Exercise — From the first line to the last, please write out the data exactly.

━━━━━━━━━━

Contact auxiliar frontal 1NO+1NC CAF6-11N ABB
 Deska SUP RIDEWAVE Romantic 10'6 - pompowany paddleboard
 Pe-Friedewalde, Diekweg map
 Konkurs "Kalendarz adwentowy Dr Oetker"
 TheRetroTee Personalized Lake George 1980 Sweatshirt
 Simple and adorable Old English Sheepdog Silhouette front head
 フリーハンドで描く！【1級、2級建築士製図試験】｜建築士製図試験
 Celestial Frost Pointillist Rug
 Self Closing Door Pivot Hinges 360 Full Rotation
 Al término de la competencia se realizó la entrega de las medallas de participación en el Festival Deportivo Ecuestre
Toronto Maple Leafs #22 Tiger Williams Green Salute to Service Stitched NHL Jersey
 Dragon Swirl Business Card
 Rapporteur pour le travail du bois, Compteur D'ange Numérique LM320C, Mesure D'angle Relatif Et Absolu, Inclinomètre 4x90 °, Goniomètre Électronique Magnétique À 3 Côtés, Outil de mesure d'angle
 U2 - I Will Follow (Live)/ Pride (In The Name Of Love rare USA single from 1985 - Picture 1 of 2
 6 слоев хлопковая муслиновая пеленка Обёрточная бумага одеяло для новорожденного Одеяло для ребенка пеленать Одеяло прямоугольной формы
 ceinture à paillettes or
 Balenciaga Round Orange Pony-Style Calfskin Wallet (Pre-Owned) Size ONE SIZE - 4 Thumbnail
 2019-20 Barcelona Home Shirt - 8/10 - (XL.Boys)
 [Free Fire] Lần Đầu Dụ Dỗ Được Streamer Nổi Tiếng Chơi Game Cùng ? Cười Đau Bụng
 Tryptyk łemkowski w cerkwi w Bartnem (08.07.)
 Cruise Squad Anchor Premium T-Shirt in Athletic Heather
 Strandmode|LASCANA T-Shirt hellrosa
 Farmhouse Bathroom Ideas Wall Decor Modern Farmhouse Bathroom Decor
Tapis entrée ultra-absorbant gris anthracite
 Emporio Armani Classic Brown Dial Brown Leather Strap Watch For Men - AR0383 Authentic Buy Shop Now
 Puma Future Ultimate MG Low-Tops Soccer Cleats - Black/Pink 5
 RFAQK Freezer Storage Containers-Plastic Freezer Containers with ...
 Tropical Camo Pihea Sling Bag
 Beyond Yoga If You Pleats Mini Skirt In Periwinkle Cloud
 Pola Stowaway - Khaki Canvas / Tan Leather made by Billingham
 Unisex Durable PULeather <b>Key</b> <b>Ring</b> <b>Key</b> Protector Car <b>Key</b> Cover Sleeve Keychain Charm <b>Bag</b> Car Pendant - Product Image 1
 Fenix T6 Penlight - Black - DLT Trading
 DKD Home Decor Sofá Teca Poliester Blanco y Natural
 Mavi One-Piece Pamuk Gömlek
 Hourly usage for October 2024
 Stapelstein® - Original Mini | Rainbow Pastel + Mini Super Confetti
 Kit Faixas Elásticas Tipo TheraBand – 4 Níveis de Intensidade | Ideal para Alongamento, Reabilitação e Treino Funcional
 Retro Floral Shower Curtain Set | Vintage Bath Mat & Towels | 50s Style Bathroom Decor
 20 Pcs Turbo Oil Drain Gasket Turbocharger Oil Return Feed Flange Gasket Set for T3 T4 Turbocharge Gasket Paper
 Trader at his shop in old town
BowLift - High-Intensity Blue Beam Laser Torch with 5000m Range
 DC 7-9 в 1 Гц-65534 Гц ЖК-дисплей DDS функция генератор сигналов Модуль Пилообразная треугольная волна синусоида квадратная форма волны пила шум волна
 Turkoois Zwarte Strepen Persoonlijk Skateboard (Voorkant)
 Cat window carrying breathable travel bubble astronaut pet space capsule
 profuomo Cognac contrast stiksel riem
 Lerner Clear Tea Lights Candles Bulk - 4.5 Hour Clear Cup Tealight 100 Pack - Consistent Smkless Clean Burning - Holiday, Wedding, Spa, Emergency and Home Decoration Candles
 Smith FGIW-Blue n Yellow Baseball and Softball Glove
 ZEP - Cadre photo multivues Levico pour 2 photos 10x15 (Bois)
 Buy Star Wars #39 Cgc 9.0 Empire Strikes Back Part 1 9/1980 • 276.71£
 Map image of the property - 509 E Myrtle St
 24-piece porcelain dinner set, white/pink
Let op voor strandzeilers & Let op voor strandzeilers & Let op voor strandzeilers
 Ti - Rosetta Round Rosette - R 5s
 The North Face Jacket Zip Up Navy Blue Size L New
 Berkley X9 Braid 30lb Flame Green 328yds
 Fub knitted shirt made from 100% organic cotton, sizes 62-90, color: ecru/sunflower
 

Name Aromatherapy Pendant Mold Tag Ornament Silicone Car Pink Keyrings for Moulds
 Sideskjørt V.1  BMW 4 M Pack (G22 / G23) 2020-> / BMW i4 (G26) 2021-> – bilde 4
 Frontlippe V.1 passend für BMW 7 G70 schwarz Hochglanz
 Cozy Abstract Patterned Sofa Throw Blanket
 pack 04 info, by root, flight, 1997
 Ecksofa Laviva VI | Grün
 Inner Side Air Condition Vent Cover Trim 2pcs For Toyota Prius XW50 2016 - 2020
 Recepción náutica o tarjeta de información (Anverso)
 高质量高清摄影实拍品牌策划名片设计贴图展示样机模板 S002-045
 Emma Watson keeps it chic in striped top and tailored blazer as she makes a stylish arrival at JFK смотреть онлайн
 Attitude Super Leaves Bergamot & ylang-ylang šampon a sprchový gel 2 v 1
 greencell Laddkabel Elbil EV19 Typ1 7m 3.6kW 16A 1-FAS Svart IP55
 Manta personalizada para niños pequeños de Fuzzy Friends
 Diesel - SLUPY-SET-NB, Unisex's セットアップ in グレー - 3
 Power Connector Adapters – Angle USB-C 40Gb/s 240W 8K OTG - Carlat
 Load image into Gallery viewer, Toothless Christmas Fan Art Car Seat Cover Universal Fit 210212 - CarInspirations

━━━━━━━━━━

Solution —
Contact auxiliar frontal 1NO+1NC CAF6-11N ABB
 Deska SUP RIDEWAVE Romantic 10'6 - pompowany paddleboard
 Pe-Friedewalde, Diekweg map
 Konkurs "Kalendarz adwentowy Dr Oetker"
 TheRetroTee Personalized Lake George 1980 Sweatshirt
 Simple and adorable Old English Sheepdog Silhouette front head
 フリーハンドで描く！【1級、2級建築士製図試験】｜建築士製図試験
 Celestial Frost Pointillist Rug
 Self Closing Door Pivot Hinges 360 Full Rotation
 Al término de la competencia se realizó la entrega de las medallas de participación en el Festival Deportivo Ecuestre
Toronto Maple Leafs #22 Tiger Williams Green Salute to Service Stitched NHL Jersey
 Dragon Swirl Business Card
 Rapporteur pour le travail du bois, Compteur D'ange Numérique LM320C, Mesure D'angle Relatif Et Absolu, Inclinomètre 4x90 °, Goniomètre Électronique Magnétique À 3 Côtés, Outil de mesure d'angle
 U2 - I Will Follow (Live)/ Pride (In The Name Of Love rare USA single from 1985 - Picture 1 of 2
 6 слоев хлопковая муслиновая пеленка Обёрточная бумага одеяло для новорожденного Одеяло для ребенка пеленать Одеяло прямоугольной формы
 ceinture à paillettes or
 Balenciaga Round Orange Pony-Style Calfskin Wallet (Pre-Owned) Size ONE SIZE - 4 Thumbnail
 2019-20 Barcelona Home Shirt - 8/10 - (XL.Boys)
 [Free Fire] Lần Đầu Dụ Dỗ Được Streamer Nổi Tiếng Chơi Game Cùng ? Cười Đau Bụng
 Tryptyk łemkowski w cerkwi w Bartnem (08.07.)
 Cruise Squad Anchor Premium T-Shirt in Athletic Heather
 Strandmode|LASCANA T-Shirt hellrosa
 Farmhouse Bathroom Ideas Wall Decor Modern Farmhouse Bathroom Decor
Tapis entrée ultra-absorbant gris anthracite
 Emporio Armani Classic Brown Dial Brown Leather Strap Watch For Men - AR0383 Authentic Buy Shop Now
 Puma Future Ultimate MG Low-Tops Soccer Cleats - Black/Pink 5
 RFAQK Freezer Storage Containers-Plastic Freezer Containers with ...
 Tropical Camo Pihea Sling Bag
 Beyond Yoga If You Pleats Mini Skirt In Periwinkle Cloud
 Pola Stowaway - Khaki Canvas / Tan Leather made by Billingham
 Unisex Durable PULeather <b>Key</b> <b>Ring</b> <b>Key</b> Protector Car <b>Key</b> Cover Sleeve Keychain Charm <b>Bag</b> Car Pendant - Product Image 1
 Fenix T6 Penlight - Black - DLT Trading
 DKD Home Decor Sofá Teca Poliester Blanco y Natural
 Mavi One-Piece Pamuk Gömlek
 Hourly usage for October 2024
 Stapelstein® - Original Mini | Rainbow Pastel + Mini Super Confetti
 Kit Faixas Elásticas Tipo TheraBand – 4 Níveis de Intensidade | Ideal para Alongamento, Reabilitação e Treino Funcional
 Retro Floral Shower Curtain Set | Vintage Bath Mat & Towels | 50s Style Bathroom Decor
 20 Pcs Turbo Oil Drain Gasket Turbocharger Oil Return Feed Flange Gasket Set for T3 T4 Turbocharge Gasket Paper
 Trader at his shop in old town
BowLift - High-Intensity Blue Beam Laser Torch with 5000m Range
 DC 7-9 в 1 Гц-65534 Гц ЖК-дисплей DDS функция генератор сигналов Модуль Пилообразная треугольная волна синусоида квадратная форма волны пила шум волна
 Turkoois Zwarte Strepen Persoonlijk Skateboard (Voorkant)
 Cat window carrying breathable travel bubble astronaut pet space capsule
 profuomo Cognac contrast stiksel riem
 Lerner Clear Tea Lights Candles Bulk - 4.5 Hour Clear Cup Tealight 100 Pack - Consistent Smkless Clean Burning - Holiday, Wedding, Spa, Emergency and Home Decoration Candles
 Smith FGIW-Blue n Yellow Baseball and Softball Glove
 ZEP - Cadre photo multivues Levico pour 2 photos 10x15 (Bois)
 Buy Star Wars #39 Cgc 9.0 Empire Strikes Back Part 1 9/1980 • 276.71£
 Map image of the property - 509 E Myrtle St
 24-piece porcelain dinner set, white/pink
Let op voor strandzeilers & Let op voor strandzeilers & Let op voor strandzeilers
 Ti - Rosetta Round Rosette - R 5s
 The North Face Jacket Zip Up Navy Blue Size L New
 Berkley X9 Braid 30lb Flame Green 328yds
 Fub knitted shirt made from 100% organic cotton, sizes 62-90, color: ecru/sunflower
 

Name Aromatherapy Pendant Mold Tag Ornament Silicone Car Pink Keyrings for Moulds
 Sideskjørt V.1  BMW 4 M Pack (G22 / G23) 2020-> / BMW i4 (G26) 2021-> – bilde 4
 Frontlippe V.1 passend für BMW 7 G70 schwarz Hochglanz
 Cozy Abstract Patterned Sofa Throw Blanket
 pack 04 info, by root, flight, 1997
 Ecksofa Laviva VI | Grün
 Inner Side Air Condition Vent Cover Trim 2pcs For Toyota Prius XW50 2016 - 2020
 Recepción náutica o tarjeta de información (Anverso)
 高质量高清摄影实拍品牌策划名片设计贴图展示样机模板 S002-045
 Emma Watson keeps it chic in striped top and tailored blazer as she makes a stylish arrival at JFK смотреть онлайн
 Attitude Super Leaves Bergamot & ylang-ylang šampon a sprchový gel 2 v 1
 greencell Laddkabel Elbil EV19 Typ1 7m 3.6kW 16A 1-FAS Svart IP55
 Manta personalizada para niños pequeños de Fuzzy Friends
 Diesel - SLUPY-SET-NB, Unisex's セットアップ in グレー - 3
 Power Connector Adapters – Angle USB-C 40Gb/s 240W 8K OTG - Carlat
 Load image into Gallery viewer, Toothless Christmas Fan Art Car Seat Cover Universal Fit 210212 - CarInspirations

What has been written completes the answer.